Normally a horse’s body produces about 20 litres of sweat with intensive exercise in cool conditions. This amount is rising with higher temperatures and in hot and humid conditions it can reach up to 30 litres. Humidity means the sweat will not evaporate, so instead of cooling the body, the sweat creates a hot wet air bubble around the horse and the sweat is just dripping to the ground without doing its job. This can be fatal as the horse anyways can use only about 30 % of the sweat for cooling – in humans this number is 50%!

Overheating can lead to permanent damage and even to the death of your horse!

If the body’s own cooling mechanisms fail the body temperature can rise quickly up to 41 degrees, in muscles up to 43 degrees. Under such circumstances the body’s proteins start to decompose. If the overheating persists, the body will decrease the blood pressure, kidneys start to fail and colics occur.

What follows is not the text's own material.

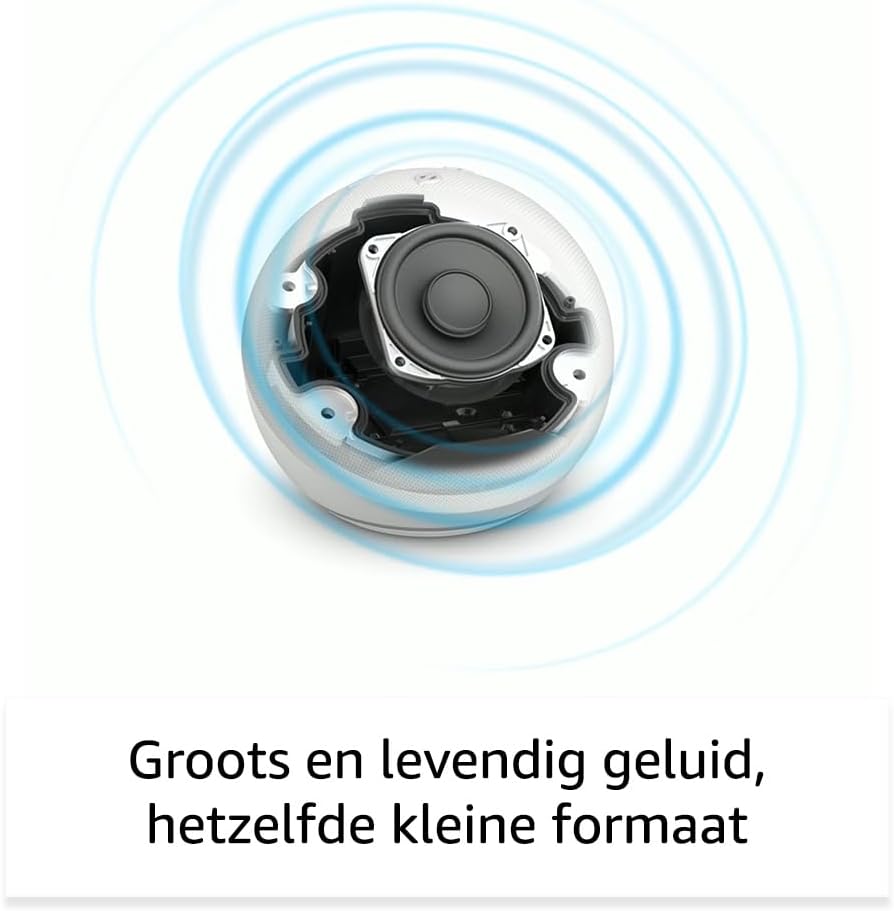 Amazon Echo Dot (5e generatie, 2022 release | Imposant geluid | Smartspeaker met wifi, bluetooth en Alexa (spreekt Nederlands) | Antraciet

The body will also lose a lot of electrolytes, and it these are not replaced, the body will become demineralized because plain water will thin the body liquids but not enrich them. This can have fatal consequences because electrolytes are important for the body’s cell metabolism. Bad or failing cell metabolism causes cramps, cardio problems such as uneven heart rhythm and nerve damages.

How to avoid overheating in the horse

Knowing about these factors should prompt responsible horse owners to rethink the way their horses are kept (shade in the paddock, enough clean water, salt and minerals, ventilation in the stables etc) and exercised. Training should be done in the cooler early morning or evening hours and riding in plain sun should be completely avoided on those hot humid days – especially on those days we as riders don’t really want to move any more than necessary!

Opening a can of worms maybe, I wonder what can be done about competitions on extremely hot days. I understand that a lot of planning, manpower and investment goes into these events and hence they can’t just be cancelled and postponed to the next weekend. But maybe there is a way to start earlier and finish later so that at least the midday sun can be avoided….

How to help your horse cool down:
Hose down your horse in a shady place. Use cool but NOT cold water
Start with the hind legs, then the front legs, the neck , then the rest of the body
Go over with the scraper to get rid of the heated up water, hose again
Always finish with scraping off excess water as this collects on the underside and can become very hot!

Source: Akademie fuer Tierheilkunde
Experience is something you gain a few minutes after you could have used it!